RMLCopyDVD Logo RMLCopyDVD

General Information (from README)

DESCRIPTION

This tarball contains a script and some helper functions that tie together a whole slew of packages to create copies of double-layer DVDs. This is not a replacement for Kb3 or similar packages, but it fills a need that isn't really filled with any other Linux package.

The goal with this script is to tie together the right Linux packages so that a double-layer DVD can be copied to a single-layer DVD±R(W) disc. Now that double-layer DVD burners can be had for ~$40.00, it may seem to some as "why don't I just copy my DVD in entirety, verbatim to similar medium"?

Good question. As long as you don't mind paying ~$2.25 per disc, there is no reason to copy double-layer to single-layer (unless you don't own a double-layer DVD burner). However, if you're like me, and you like using discs that you can get for ~0.12 cents, then you will like this script.
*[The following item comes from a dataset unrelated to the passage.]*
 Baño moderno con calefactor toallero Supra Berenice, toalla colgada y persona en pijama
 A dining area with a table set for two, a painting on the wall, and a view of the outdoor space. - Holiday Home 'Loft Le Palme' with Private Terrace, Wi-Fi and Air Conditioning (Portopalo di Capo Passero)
The principal foundation, or methodology, used in the script is to rip out the main section of a DVD (the actual movie in most cases), and compress it (if necessary) just enough so that it will fit on the single-layer DVD±R(W). For those that don't know, the typical DVD of your favorite movie is on a double-layer DVD and with all the "extras", "frills", and other stuff on the DVD it contains about 7-9 GB of data.

A single-layer DVD±R(W) will only hold 4.4 GB (4.7 in salesman talk) of data. So to copy the movie from the double-layer DVD to a single-layer takes a bit of creativity. Note that at the time of this writing, K3b (http://www.k3b.org/) nor any other Linux GUI package will copy double-layer DVDs to single-layer medium. M$ products can do it, there just isn't a Linux one yet.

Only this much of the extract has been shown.